◆ WHAT YOU ARE ASKED TO DO ◆
Copy every entry word for word. Skip the pictures.

___ DATA SECTION

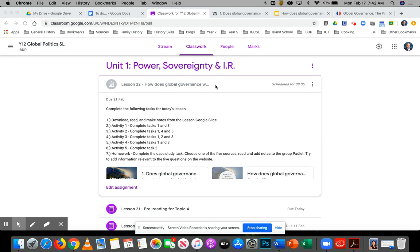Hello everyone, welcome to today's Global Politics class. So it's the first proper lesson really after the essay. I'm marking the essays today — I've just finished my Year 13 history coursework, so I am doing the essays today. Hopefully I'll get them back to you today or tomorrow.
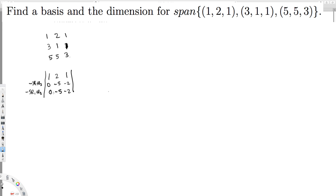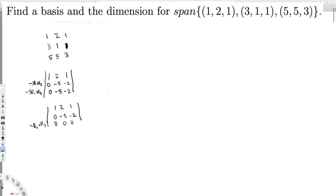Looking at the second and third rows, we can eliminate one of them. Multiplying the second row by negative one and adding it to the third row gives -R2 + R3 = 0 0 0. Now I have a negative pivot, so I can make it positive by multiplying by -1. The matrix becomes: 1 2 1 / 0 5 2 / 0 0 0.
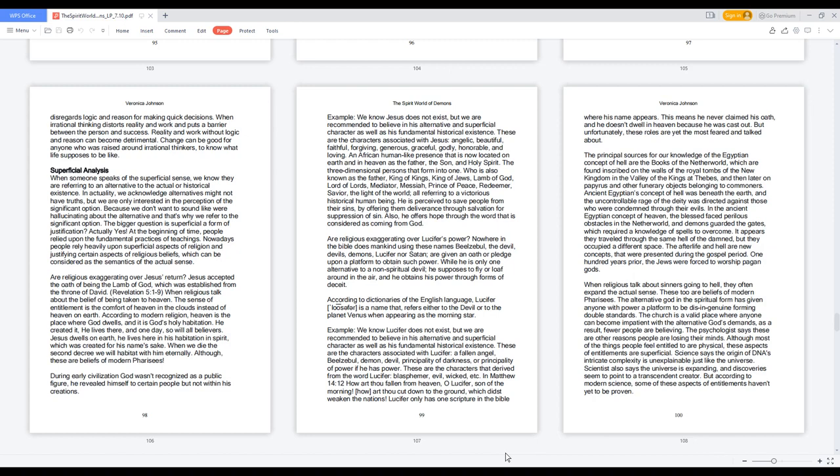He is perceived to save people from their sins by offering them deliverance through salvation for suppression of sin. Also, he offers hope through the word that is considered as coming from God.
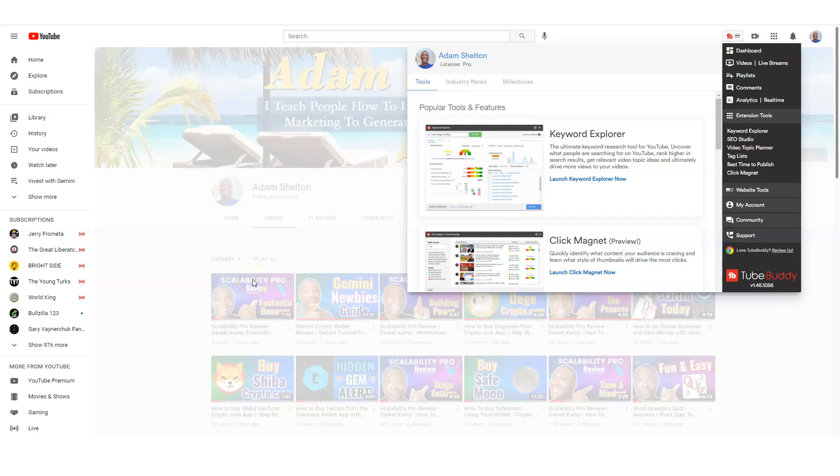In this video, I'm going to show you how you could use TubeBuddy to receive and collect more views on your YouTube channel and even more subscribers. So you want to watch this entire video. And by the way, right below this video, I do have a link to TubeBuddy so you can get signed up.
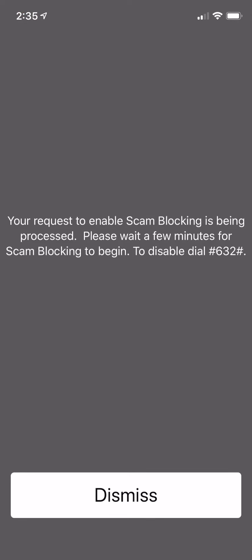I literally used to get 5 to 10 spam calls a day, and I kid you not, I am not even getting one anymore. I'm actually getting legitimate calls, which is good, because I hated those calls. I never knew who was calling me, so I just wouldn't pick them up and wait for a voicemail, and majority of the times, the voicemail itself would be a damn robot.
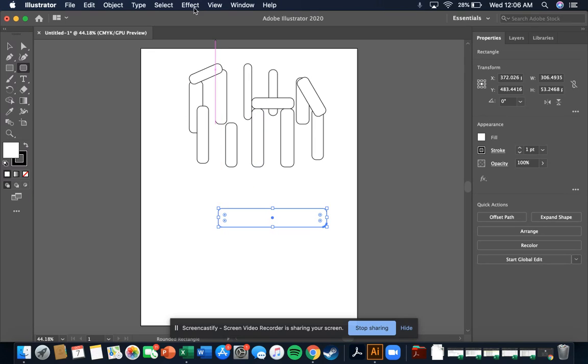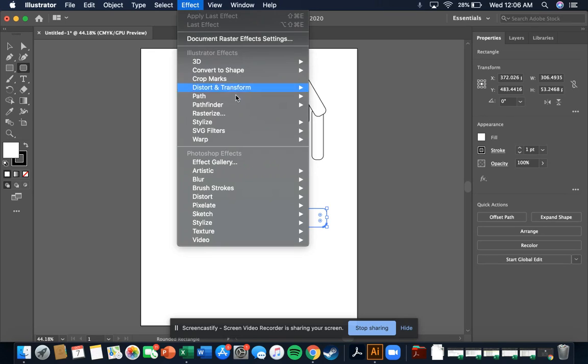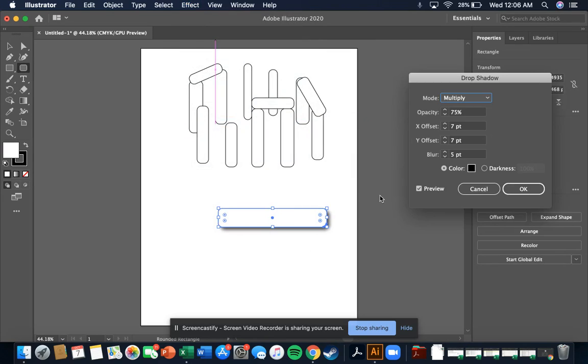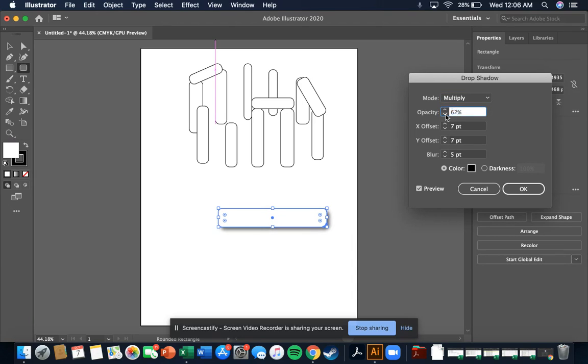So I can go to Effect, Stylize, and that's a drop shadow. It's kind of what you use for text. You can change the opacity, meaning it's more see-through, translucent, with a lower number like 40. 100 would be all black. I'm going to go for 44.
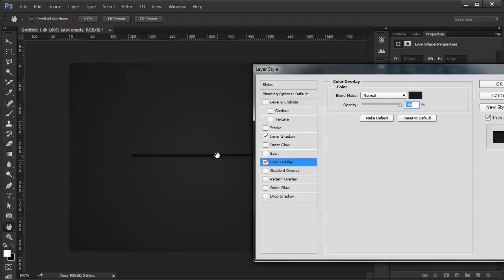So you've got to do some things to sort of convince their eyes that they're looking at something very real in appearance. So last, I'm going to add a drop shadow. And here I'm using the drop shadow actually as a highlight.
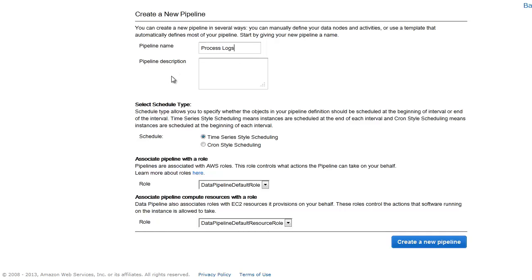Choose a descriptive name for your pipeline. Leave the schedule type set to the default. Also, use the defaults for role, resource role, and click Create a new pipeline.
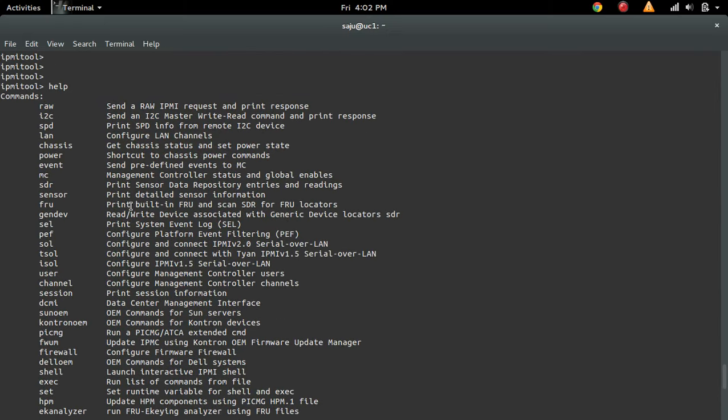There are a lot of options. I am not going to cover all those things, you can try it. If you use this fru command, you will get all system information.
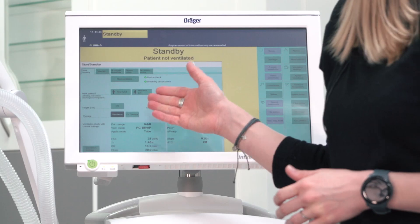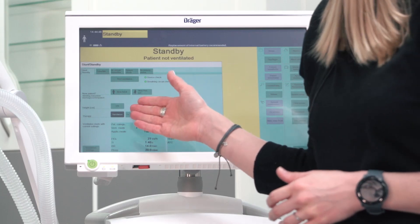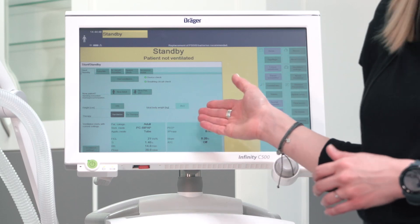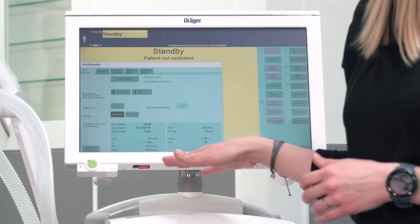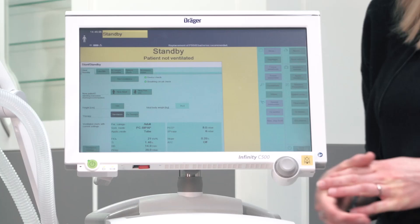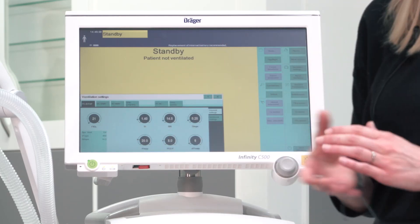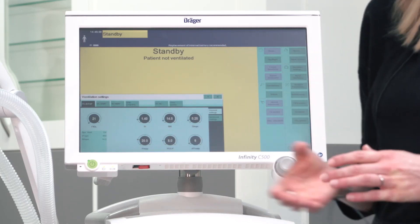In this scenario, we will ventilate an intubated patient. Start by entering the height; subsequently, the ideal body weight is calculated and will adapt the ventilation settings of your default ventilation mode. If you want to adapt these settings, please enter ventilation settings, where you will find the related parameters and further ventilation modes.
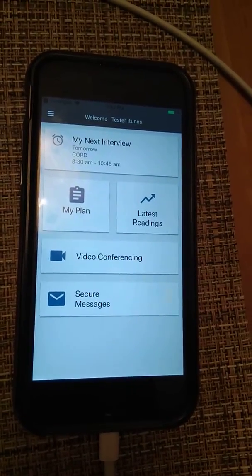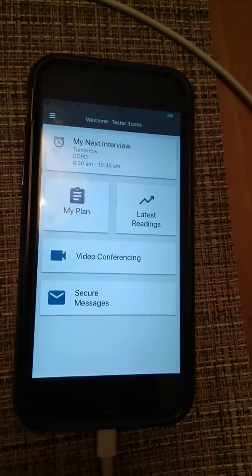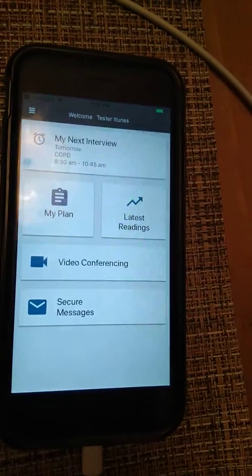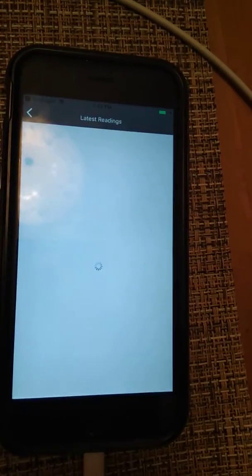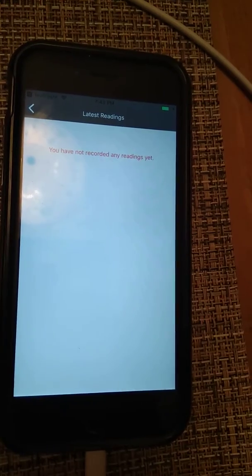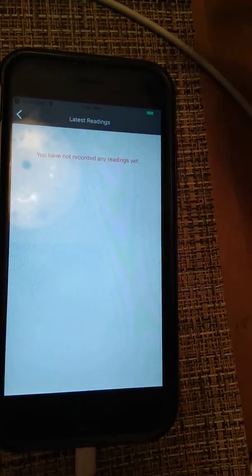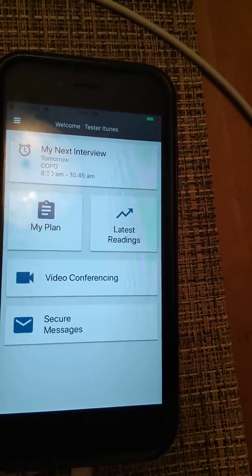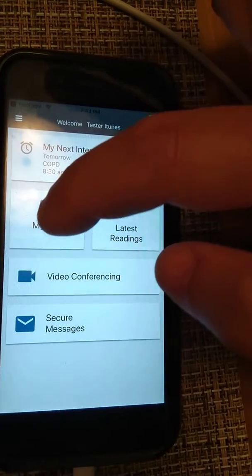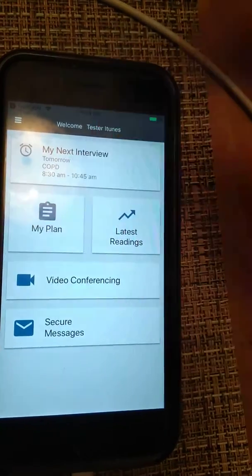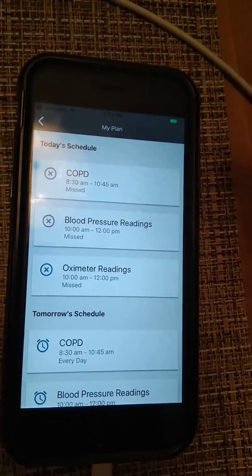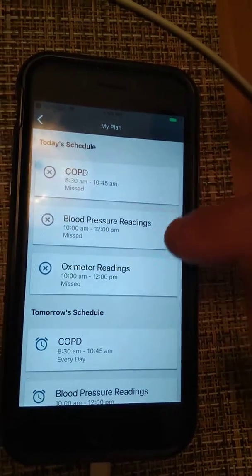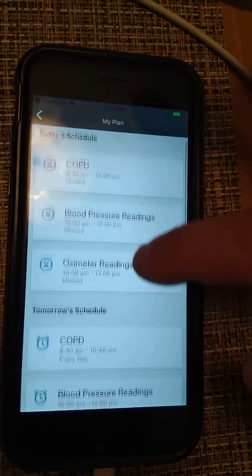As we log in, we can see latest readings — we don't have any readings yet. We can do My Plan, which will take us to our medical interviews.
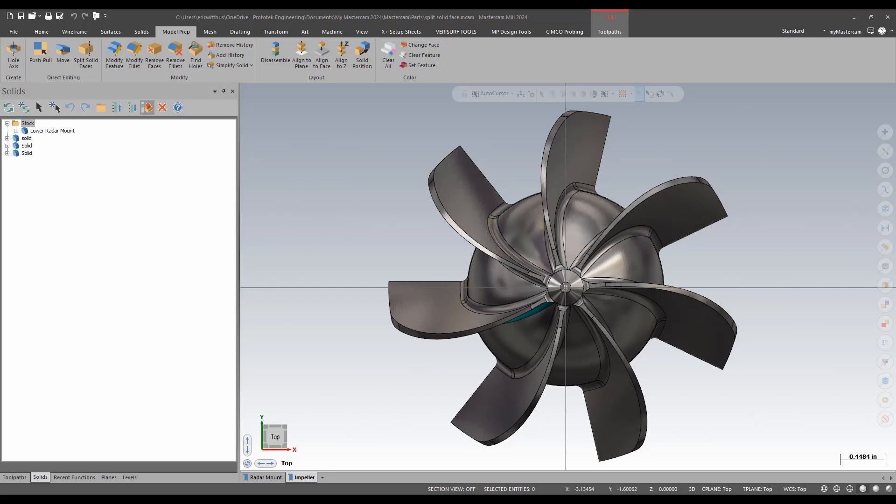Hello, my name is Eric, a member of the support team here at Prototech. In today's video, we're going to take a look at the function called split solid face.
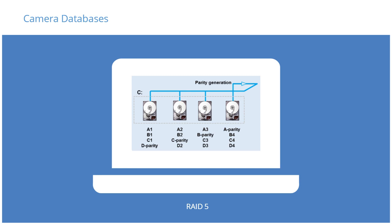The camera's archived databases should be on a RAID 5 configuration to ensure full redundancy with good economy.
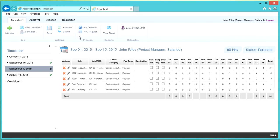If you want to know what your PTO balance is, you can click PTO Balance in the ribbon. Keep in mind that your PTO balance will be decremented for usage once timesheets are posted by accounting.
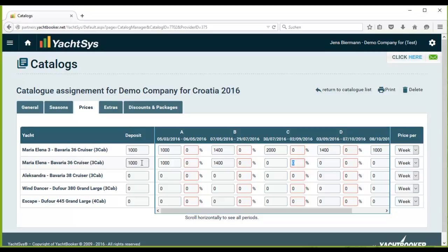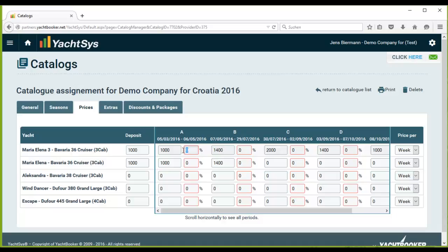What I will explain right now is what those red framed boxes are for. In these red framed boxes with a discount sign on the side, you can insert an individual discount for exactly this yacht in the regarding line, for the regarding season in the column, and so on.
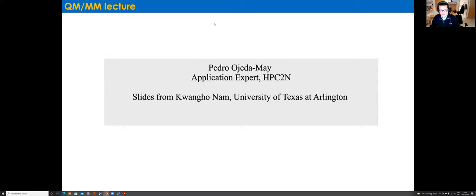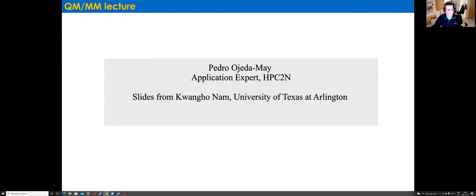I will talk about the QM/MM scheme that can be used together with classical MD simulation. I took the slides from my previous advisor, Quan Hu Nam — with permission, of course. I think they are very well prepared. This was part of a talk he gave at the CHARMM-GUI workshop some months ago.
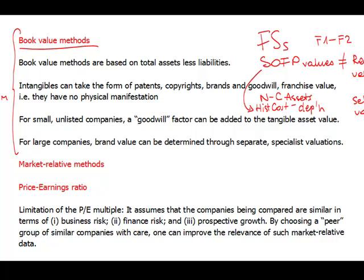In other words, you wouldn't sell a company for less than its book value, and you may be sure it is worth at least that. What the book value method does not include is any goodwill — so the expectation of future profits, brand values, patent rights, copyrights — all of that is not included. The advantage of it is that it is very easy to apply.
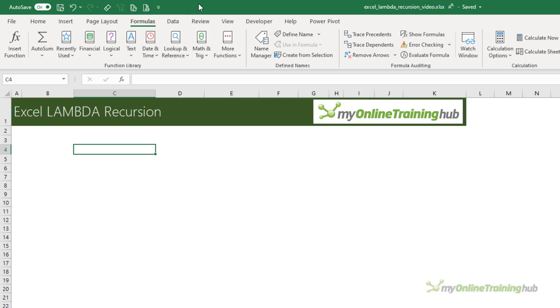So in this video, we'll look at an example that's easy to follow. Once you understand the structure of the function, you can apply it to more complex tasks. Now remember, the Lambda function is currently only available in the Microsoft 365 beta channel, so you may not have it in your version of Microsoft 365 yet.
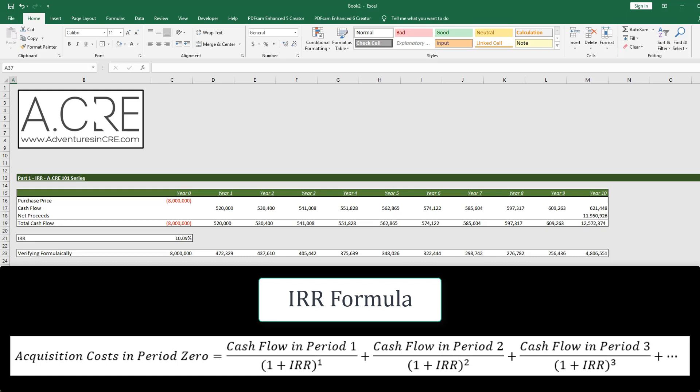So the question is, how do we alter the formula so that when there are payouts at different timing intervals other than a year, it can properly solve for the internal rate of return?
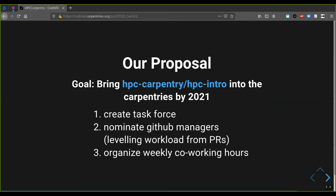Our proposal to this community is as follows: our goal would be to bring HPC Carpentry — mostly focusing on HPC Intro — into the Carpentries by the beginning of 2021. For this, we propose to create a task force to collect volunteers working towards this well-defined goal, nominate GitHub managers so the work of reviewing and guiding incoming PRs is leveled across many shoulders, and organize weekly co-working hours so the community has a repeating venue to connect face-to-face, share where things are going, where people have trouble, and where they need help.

______

◆ SOLVED PROBLEM ◆
Hello everyone, welcome to today's Global Politics class. So it's the first proper lesson really after the essay. I'm marking the essays today — I've just finished my Year 13 history coursework, so I am doing the essays today. Hopefully I'll get them back to you today or tomorrow.
Looking at the second and third rows, we can eliminate one of them. Multiplying the second row by negative one and adding it to the third row gives -R2 + R3 = 0 0 0. Now I have a negative pivot, so I can make it positive by multiplying by -1. The matrix becomes: 1 2 1 / 0 5 2 / 0 0 0.
He is perceived to save people from their sins by offering them deliverance through salvation for suppression of sin. Also, he offers hope through the word that is considered as coming from God.
In this video, I'm going to show you how you could use TubeBuddy to receive and collect more views on your YouTube channel and even more subscribers. So you want to watch this entire video. And by the way, right below this video, I do have a link to TubeBuddy so you can get signed up.
I literally used to get 5 to 10 spam calls a day, and I kid you not, I am not even getting one anymore. I'm actually getting legitimate calls, which is good, because I hated those calls. I never knew who was calling me, so I just wouldn't pick them up and wait for a voicemail, and majority of the times, the voicemail itself would be a damn robot.
So I can go to Effect, Stylize, and that's a drop shadow. It's kind of what you use for text. You can change the opacity, meaning it's more see-through, translucent, with a lower number like 40. 100 would be all black. I'm going to go for 44.
So you've got to do some things to sort of convince their eyes that they're looking at something very real in appearance. So last, I'm going to add a drop shadow. And here I'm using the drop shadow actually as a highlight.
Choose a descriptive name for your pipeline. Leave the schedule type set to the default. Also, use the defaults for role, resource role, and click Create a new pipeline.
There are a lot of options. I am not going to cover all those things, you can try it. If you use this fru command, you will get all system information.
In this scenario, we will ventilate an intubated patient. Start by entering the height; subsequently, the ideal body weight is calculated and will adapt the ventilation settings of your default ventilation mode. If you want to adapt these settings, please enter ventilation settings, where you will find the related parameters and further ventilation modes.
As we log in, we can see latest readings — we don't have any readings yet. We can do My Plan, which will take us to our medical interviews.
Hello, my name is Eric, a member of the support team here at Prototech. In today's video, we're going to take a look at the function called split solid face.
The camera's archived databases should be on a RAID 5 configuration to ensure full redundancy with good economy.
If you want to know what your PTO balance is, you can click PTO Balance in the ribbon. Keep in mind that your PTO balance will be decremented for usage once timesheets are posted by accounting.
What I will explain right now is what those red framed boxes are for. In these red framed boxes with a discount sign on the side, you can insert an individual discount for exactly this yacht in the regarding line, for the regarding season in the column, and so on.
I will talk about the QM/MM scheme that can be used together with classical MD simulation. I took the slides from my previous advisor, Quan Hu Nam — with permission, of course. I think they are very well prepared. This was part of a talk he gave at the CHARMM-GUI workshop some months ago.
In other words, you wouldn't sell a company for less than its book value, and you may be sure it is worth at least that. What the book value method does not include is any goodwill — so the expectation of future profits, brand values, patent rights, copyrights — all of that is not included. The advantage of it is that it is very easy to apply.
So in this video, we'll look at an example that's easy to follow. Once you understand the structure of the function, you can apply it to more complex tasks. Now remember, the Lambda function is currently only available in the Microsoft 365 beta channel, so you may not have it in your version of Microsoft 365 yet.
So the question is, how do we alter the formula so that when there are payouts at different timing intervals other than a year, it can properly solve for the internal rate of return?
Our proposal to this community is as follows: our goal would be to bring HPC Carpentry — mostly focusing on HPC Intro — into the Carpentries by the beginning of 2021. For this, we propose to create a task force to collect volunteers working towards this well-defined goal, nominate GitHub managers so the work of reviewing and guiding incoming PRs is leveled across many shoulders, and organize weekly co-working hours so the community has a repeating venue to connect face-to-face, share where things are going, where people have trouble, and where they need help.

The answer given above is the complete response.